The Bf 109G had been designed at the beginning of 1941 as a replacement of the Bf 109F with a more powerful engine and, because combats were being fought at higher altitudes, a pressurized cockpit. The pressurization system made the basic design heavier, and that needed the introduction of a reinforced structure and a heavier landing gear.
The engine chosen was the Daimler Benz DB 605A in inverted Vm which was a development of the DB 601E with bored out cylinders for a greater swept capacity: this resulted in an engine with the same exterior dimensions of the DB 601E but rated at 1475hp for takeoff and 1355hp at 5700m. The acommodation of the new engine needed a modification to the shape of the cowling, which now possesed an upper line of virtually constant contour between the spinner and the windscreen. The lower contour was changed by the need to fit a larger oil cooler.

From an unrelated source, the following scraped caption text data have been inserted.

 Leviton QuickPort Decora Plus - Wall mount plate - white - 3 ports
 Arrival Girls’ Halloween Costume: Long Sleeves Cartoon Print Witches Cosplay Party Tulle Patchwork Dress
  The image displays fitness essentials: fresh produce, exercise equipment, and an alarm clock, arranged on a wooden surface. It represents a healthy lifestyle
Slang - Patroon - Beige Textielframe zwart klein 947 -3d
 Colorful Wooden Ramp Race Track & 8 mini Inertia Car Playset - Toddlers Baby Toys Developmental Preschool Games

This kit is one of the many reboxings of the Hasegawa Bf 109G-6. It comes (or at least, it should have come) with the appropriate clear and resin parts (cowling and wheels) to transform the G-6 base kit into a G-2 one. The plastic parts have recessed panel lines, there's the option to pose the flaps and slats in the open position, and you have to open the well for the retractable tail wheel.
There're three decal options for three machines that served with the Finnish Air Force, which are MT222 of Eino Ilmari Juutilainen, MT213 of E. Riihikalio, and MT225 of Lauri "Lapra" Nissinen.

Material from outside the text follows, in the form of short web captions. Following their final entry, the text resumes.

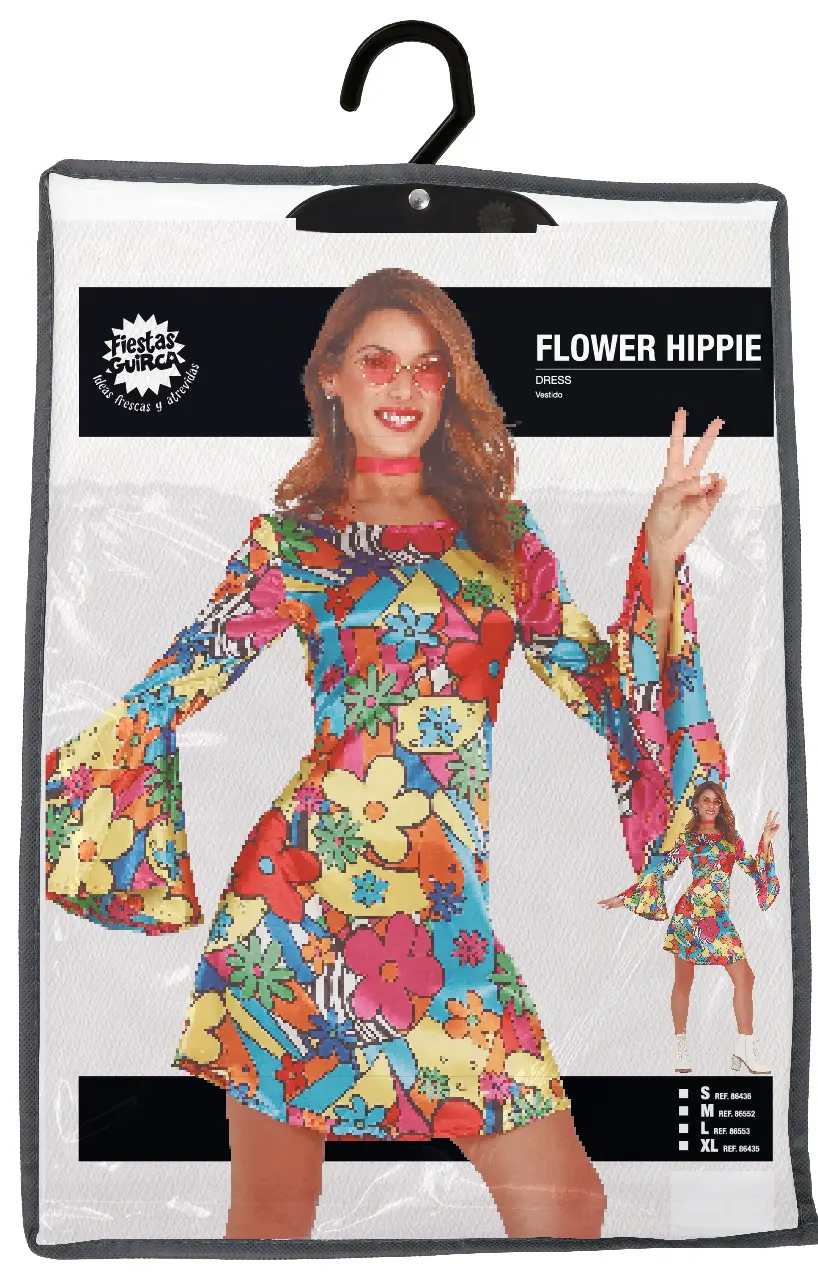 Hippie – kostume til damer, flerfarvet, model 86435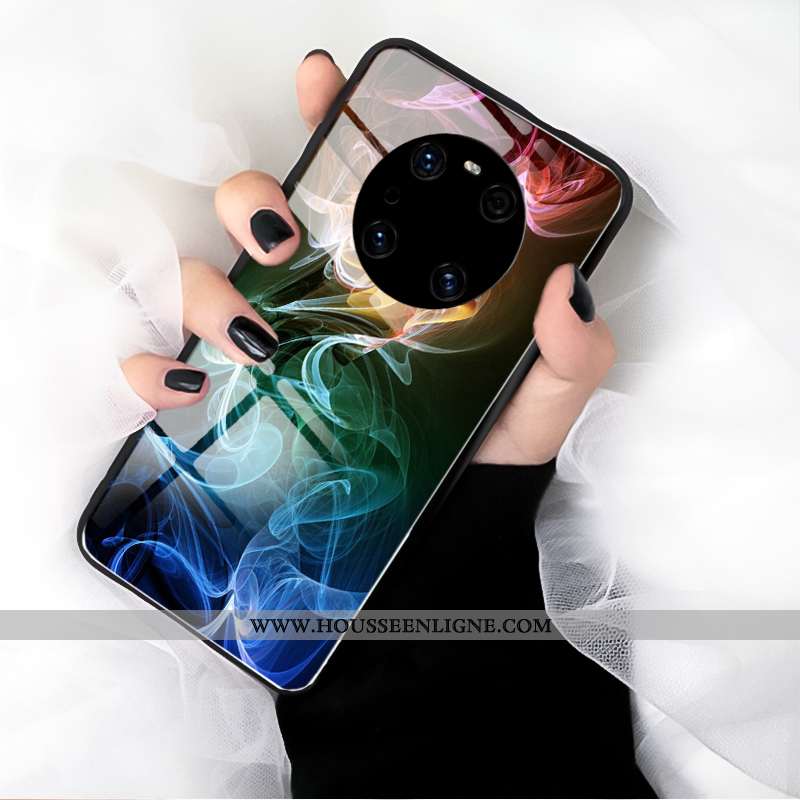 Étui Huawei Mate 40 Rs Créatif Protection Verre Tempérer Cool Personnalité Bleu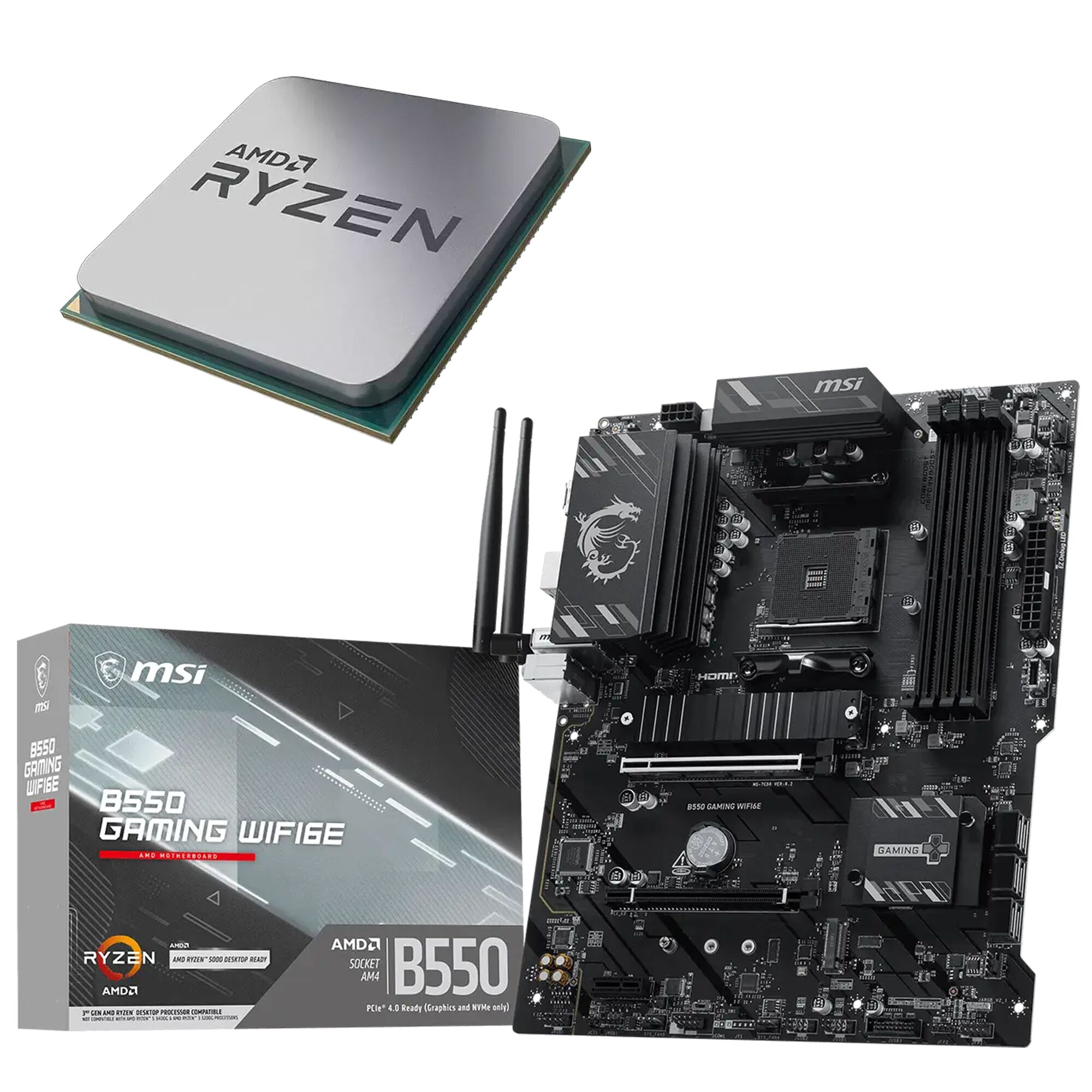 Un processeur AMD Ryzen et une carte mère MSI B550 Gaming WiFi, le tout présenté sur un fond noir avec des lignes horizontales blanches.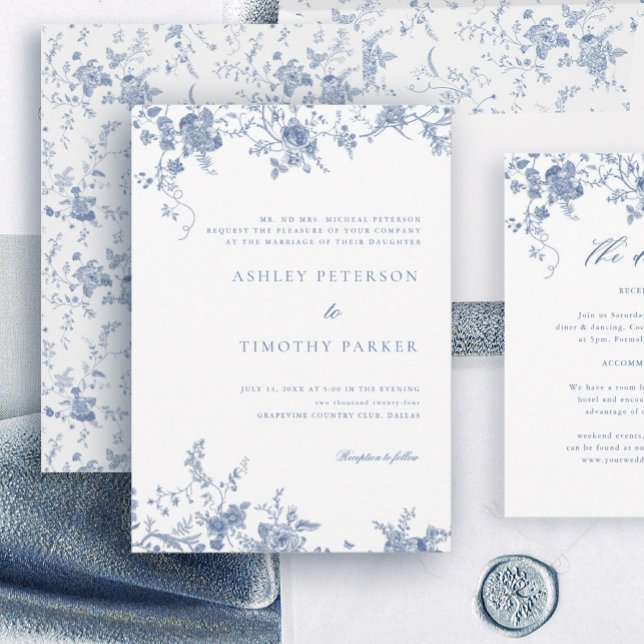 Elegant French Blue Vintage Floral Wedding Invitation (Creator Uploaded)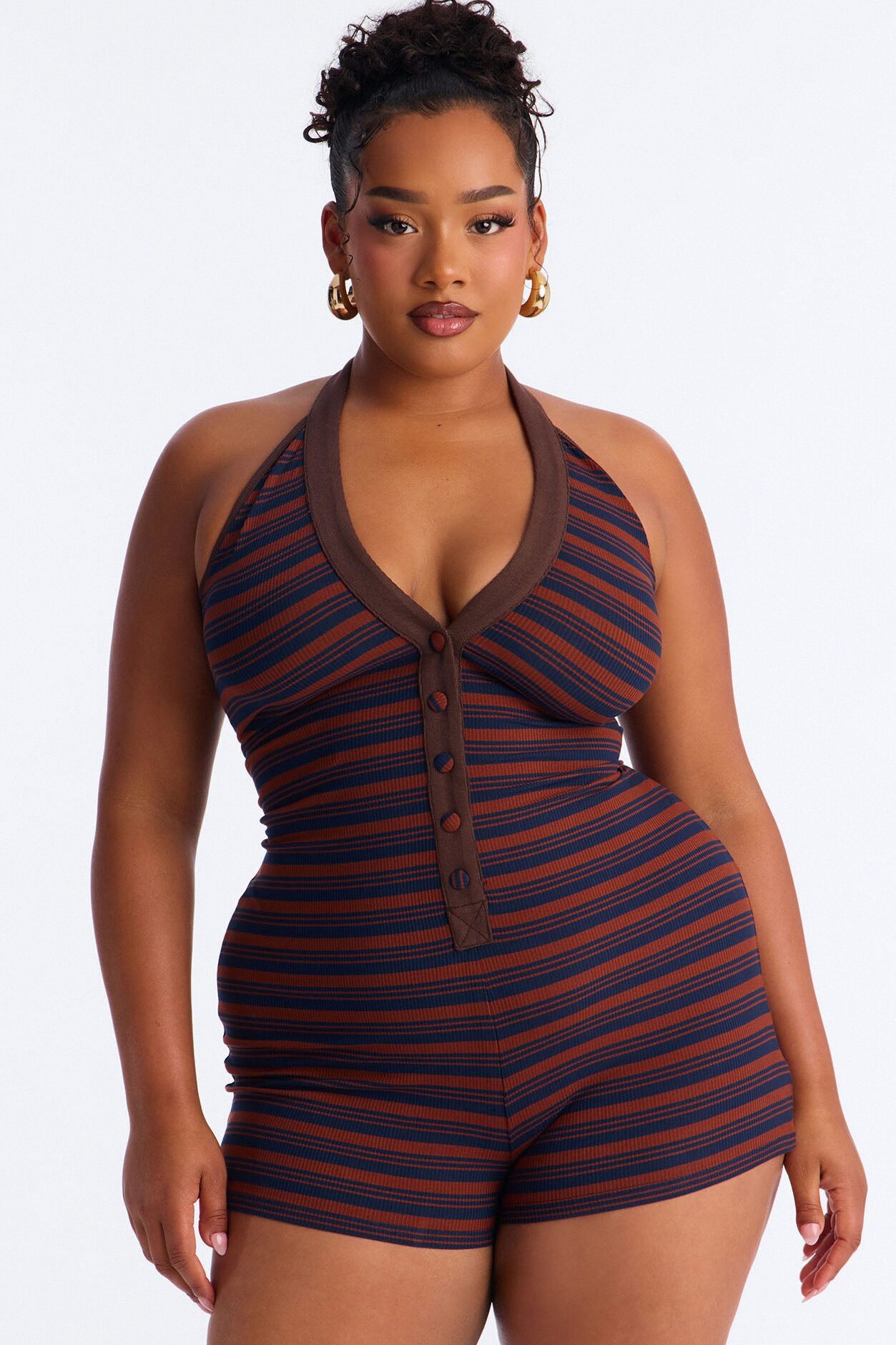 Macee Striped Halter Romper - Brown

I had bought this kit used from a seller on Mercadolibre.com.ar, who after asking several question, told me the kit didnīt have the clear parts nor the resin ones to make it into a G-2 standard. Since I was looking after the decals only, I bought it and stole the kit's decal sheet, planning to use it on Eduard's Bf 109G-2. Fast forward to May of 2019, and with a spare decal sheet from the Eduard G-2 109 and with spare wheels and clear parts from Eduard's G-14 109, I sat to work onto completing this kit.
I began with the wings. I decided I didnīt want to have the flaps and slats extended, so I superglued them into place and allowed them to dry. After some minutes, I glued the wings together, making sure to open the holes for the underwing cannons, and left that inside the box while I focused on the cockpit and fuselage.
Cockpit construction was a simple task, I painted the sidewalls with Revell 78 Tank Grey, the rudder pedals and trim wheel in steel (Revell 91), and glued everything together when everything was dry. Before gluing the cockpit to the fuselage, I cut the rear of the fuselage to make way for the opening of the tail's wheel well. With that done, the cockpit was glued to the fuselage, and both fuselage halves were glued together, the wings were glued too a bit later.
|COLORS & MARKINGS|
I wanted to paint this kit as Water Krupinski's machine, Bf 109G-2 "Yellow 5," which came in the decal sheet of Eduard's Profipack Bf 109G-2. I followed Eduard's painting instructions, and used Revell Aqua 69 (RLM 74), 47 (RLM 75), 49 (RLM 76) for the main camouflage colours. When everything was dry, I masked the areas that had to be painted in yellow. With the aircraft fully painted, I glosscoated it with Revell's gloss varnish, and applied the decals (crosses came from an Aeromaster decal sheet, the personal markings of Krupinski came from the Eduard decal sheet). The model was then brushed with a coat of Revell's matt varnish.
I painted the remaining pieces (landing gear struts, wheels and landing gear doors), glued them into place and let them dry for 24 hours. Once that was dry, and set the model aside, painted the clear parts (from Eduard), and glued them into place. Eduard's clear parts were a bit narrower, but that issue didnīt really bother me, I had a complete kit!
l really enjoyed building this kit, it looks great sitting with its Eduard contemporaries, and Iīll buy some more if I ever get my hands on another one.